## Your instructions
Every line from the one holding "Medinilla Magnifica P210" through the one holding "Canon EOS 5D" in the data below must be returned exactly, both ends included, with pictures left out and nothing else added.

## Supplied data
+===+
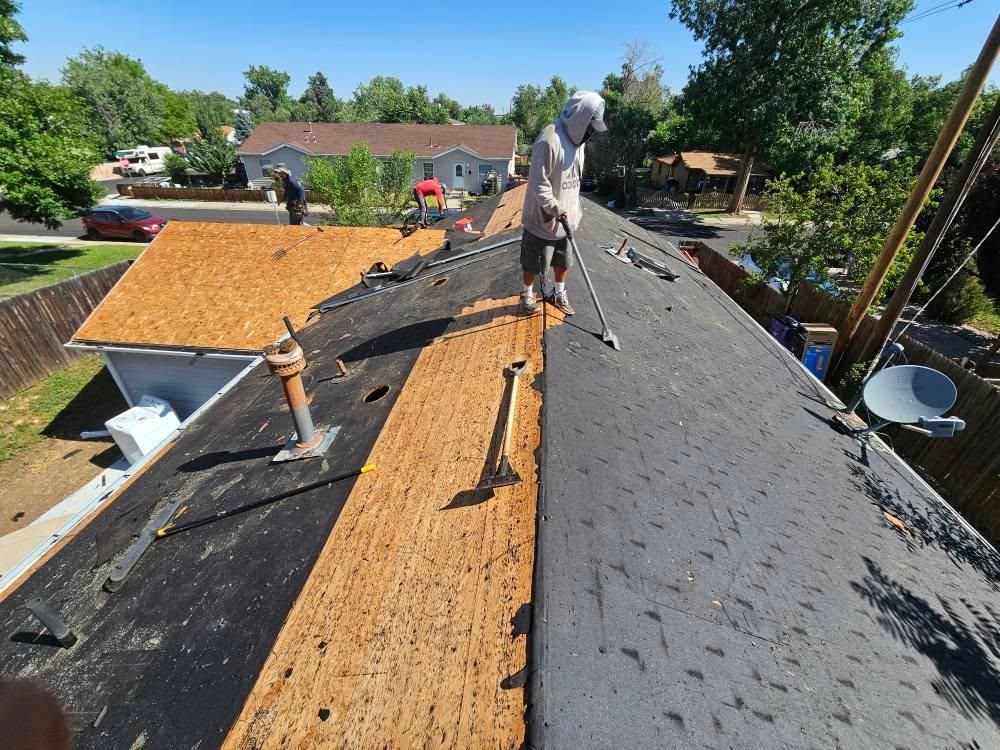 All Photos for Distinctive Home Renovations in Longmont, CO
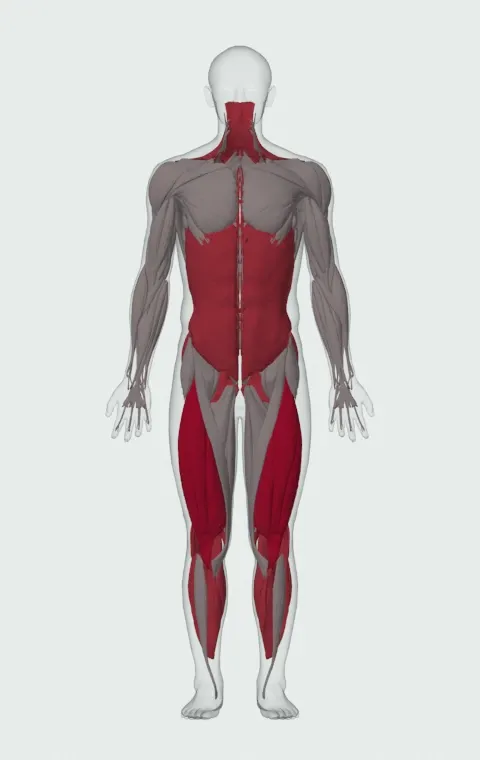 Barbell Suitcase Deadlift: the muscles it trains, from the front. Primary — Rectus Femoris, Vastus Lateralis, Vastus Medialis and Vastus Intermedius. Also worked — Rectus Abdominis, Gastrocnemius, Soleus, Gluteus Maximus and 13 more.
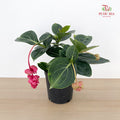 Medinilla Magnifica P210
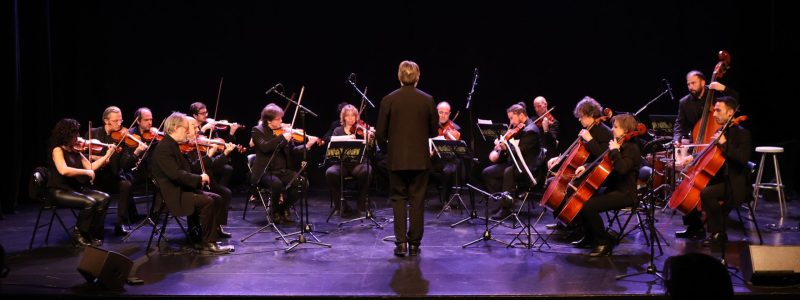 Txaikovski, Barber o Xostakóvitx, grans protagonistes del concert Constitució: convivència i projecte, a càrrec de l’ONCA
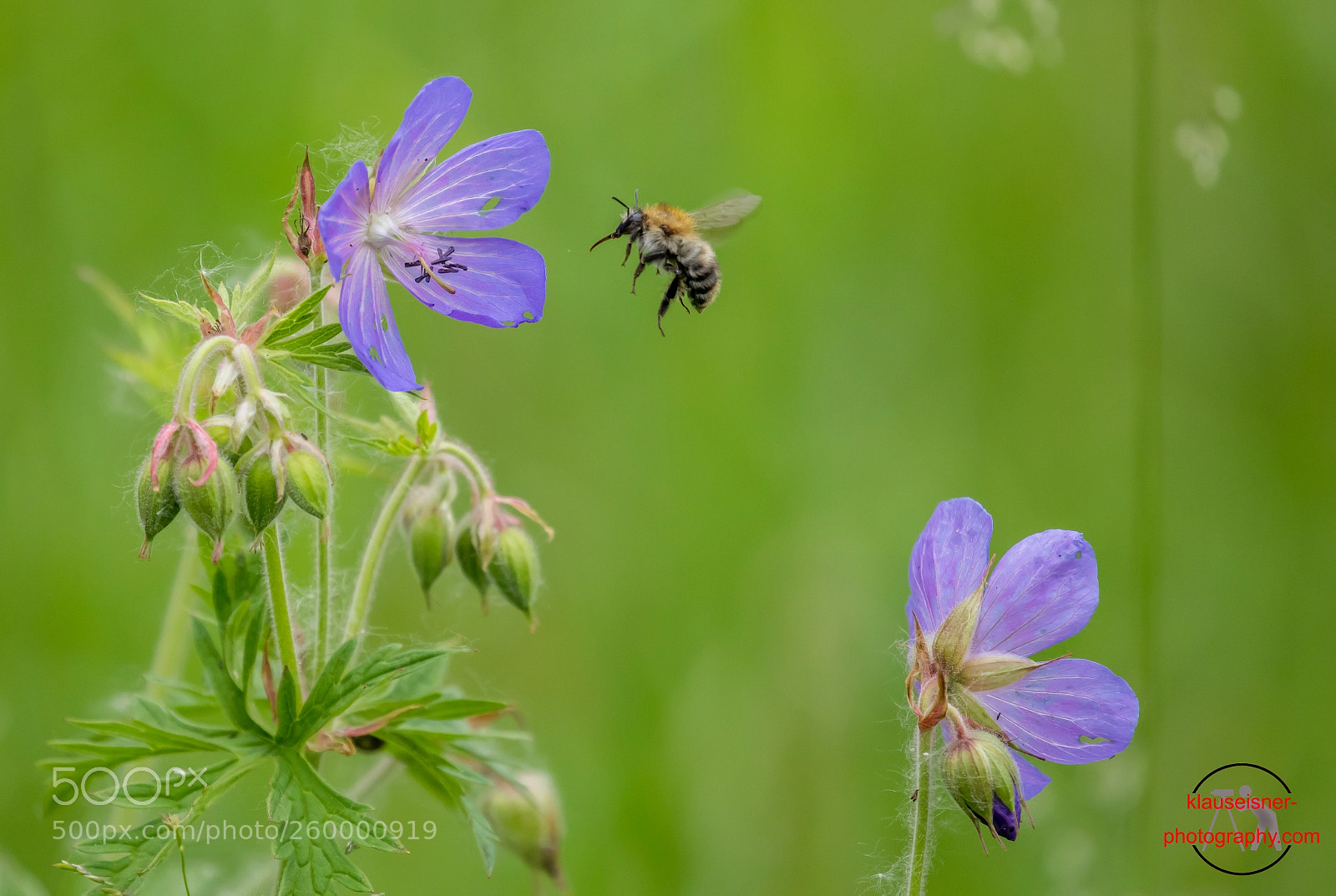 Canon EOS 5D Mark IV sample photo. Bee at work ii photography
+===+
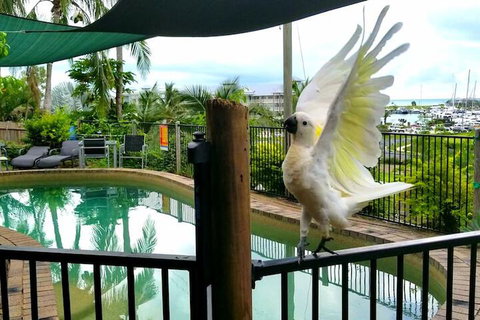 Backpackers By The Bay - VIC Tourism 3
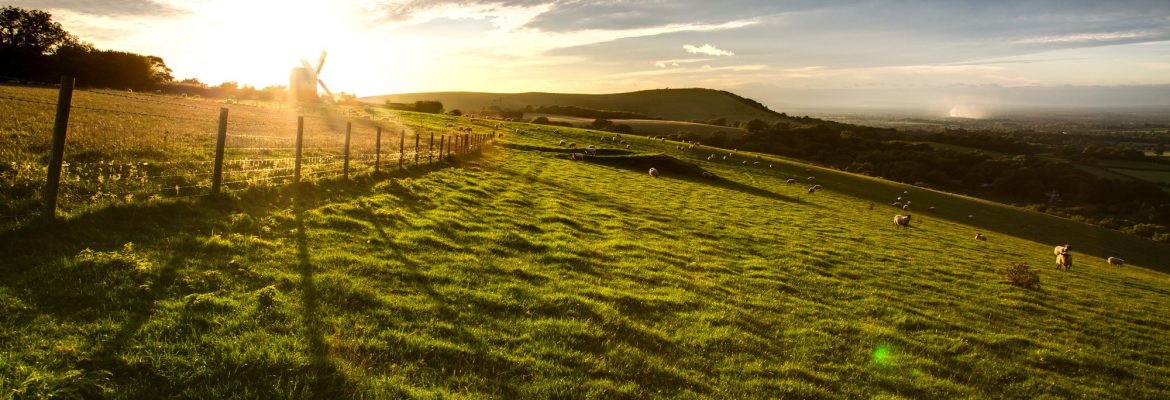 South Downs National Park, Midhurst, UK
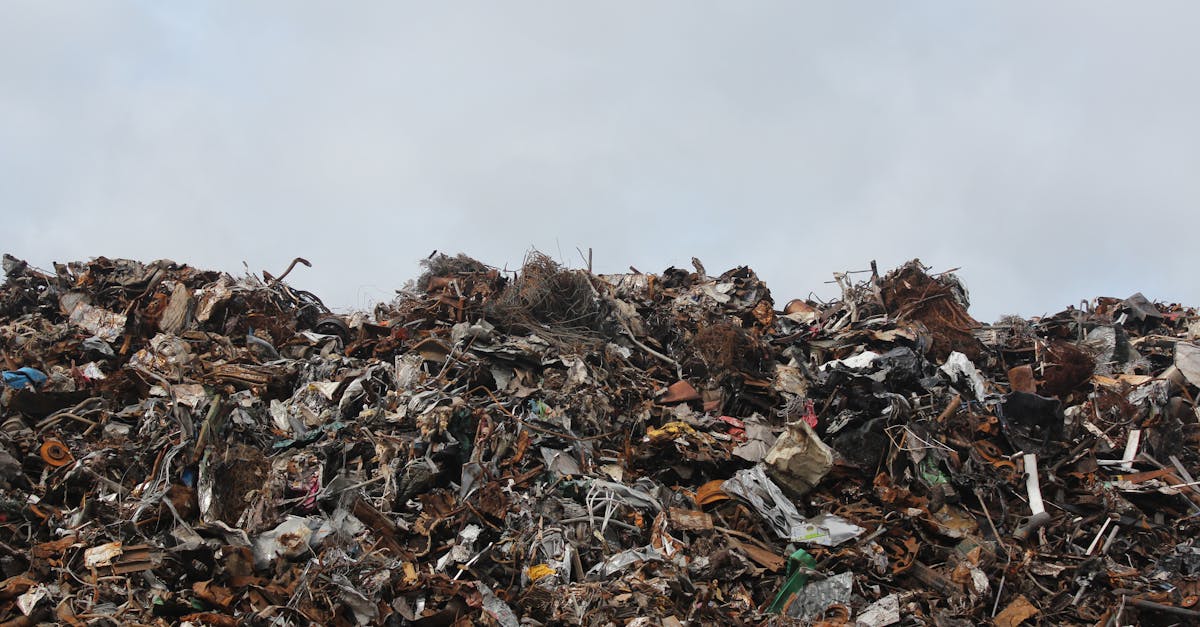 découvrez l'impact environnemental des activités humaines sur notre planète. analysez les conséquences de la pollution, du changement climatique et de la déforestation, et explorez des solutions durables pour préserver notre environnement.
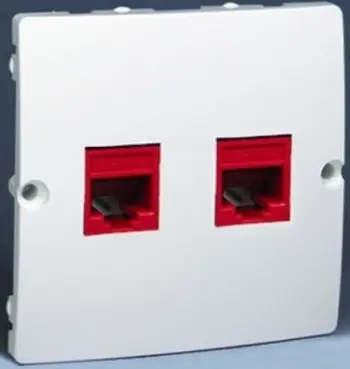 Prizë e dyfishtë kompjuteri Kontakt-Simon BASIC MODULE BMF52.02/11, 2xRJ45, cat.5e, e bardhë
+===+
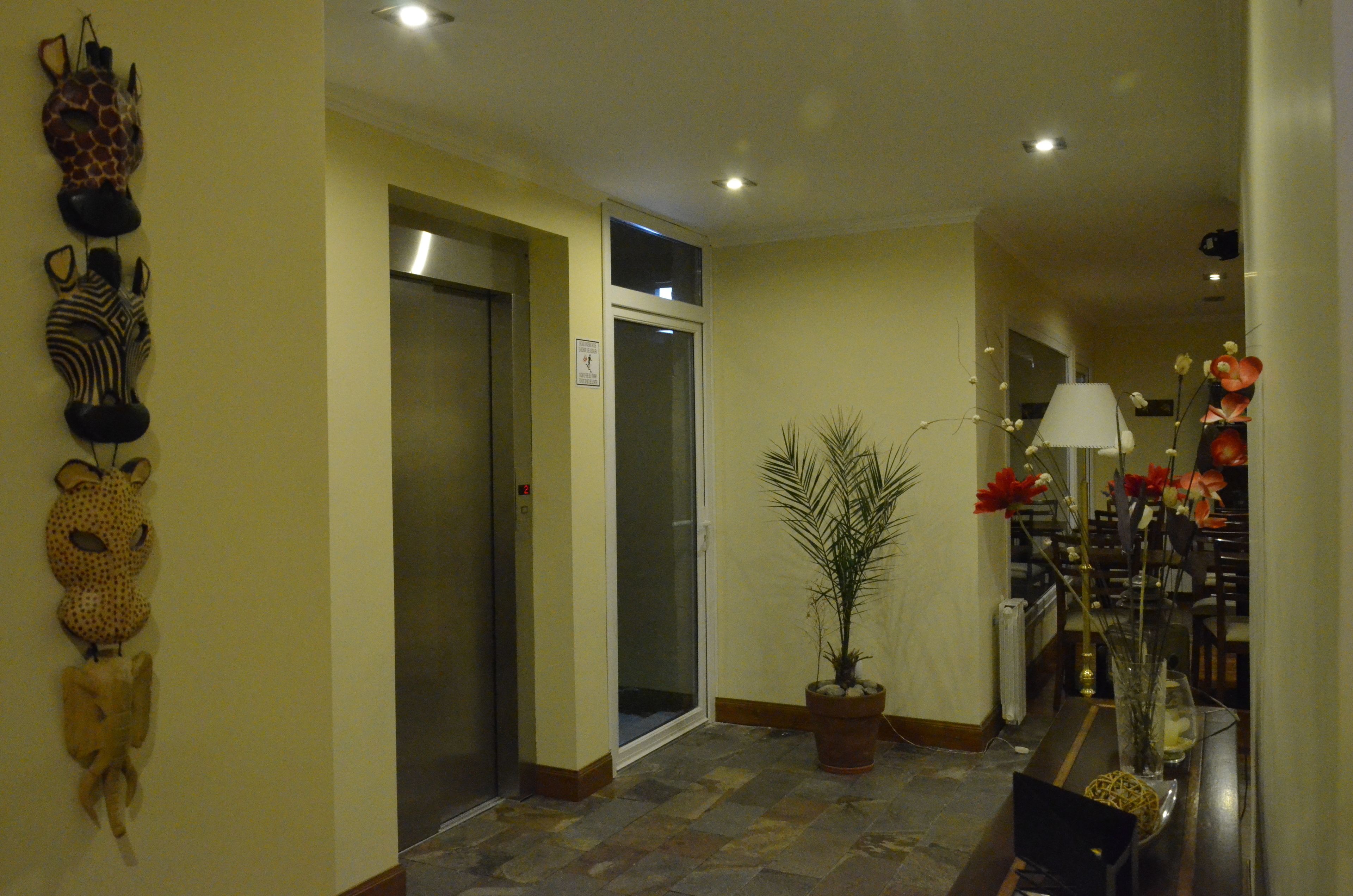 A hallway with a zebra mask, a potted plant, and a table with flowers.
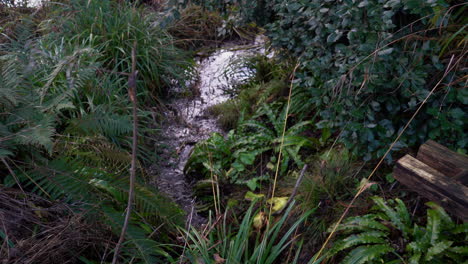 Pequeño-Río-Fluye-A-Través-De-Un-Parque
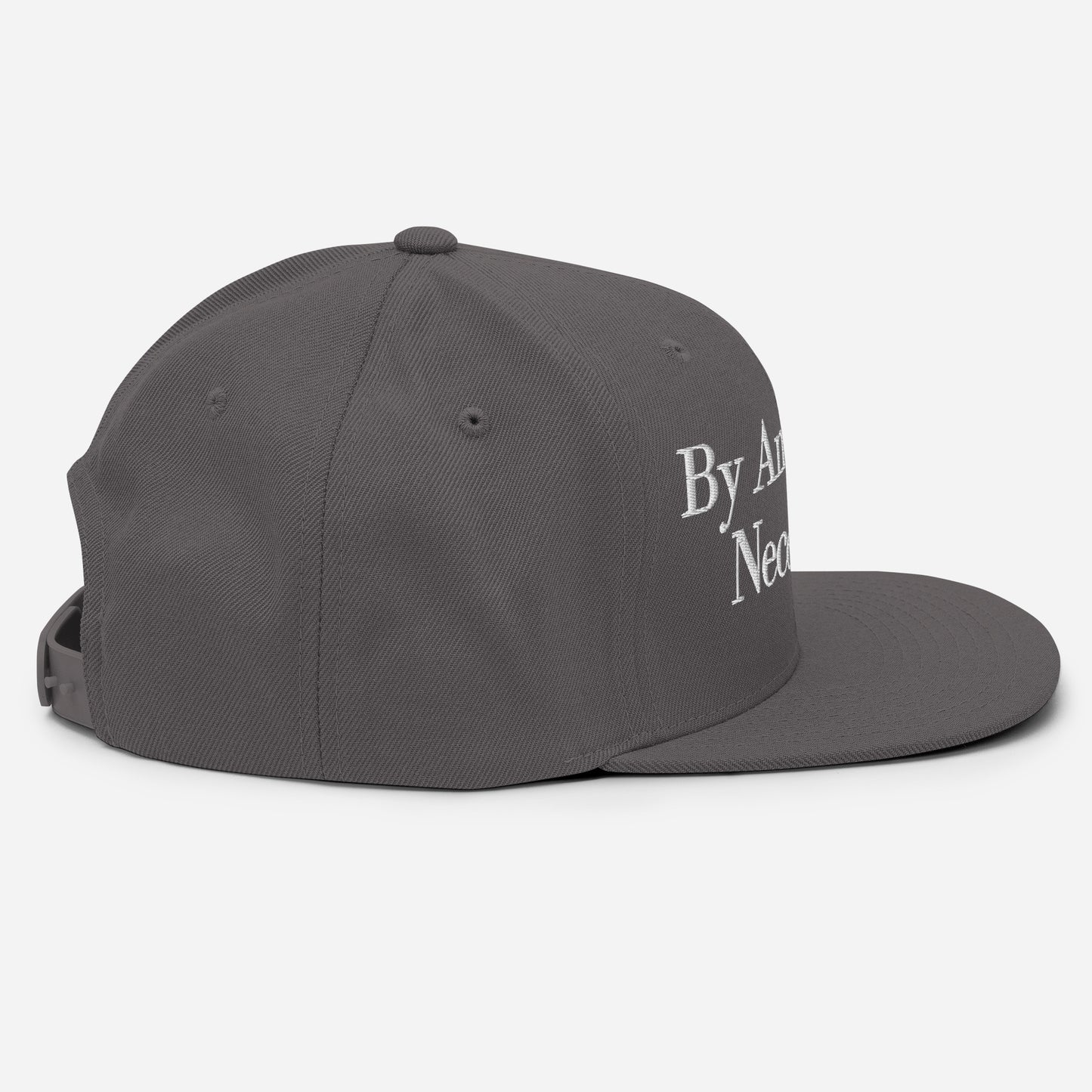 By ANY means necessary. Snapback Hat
+===+
## Task answer
 Medinilla Magnifica P210
 Txaikovski, Barber o Xostakóvitx, grans protagonistes del concert Constitució: convivència i projecte, a càrrec de l’ONCA
 Canon EOS 5D Mark IV sample photo. Bee at work ii photography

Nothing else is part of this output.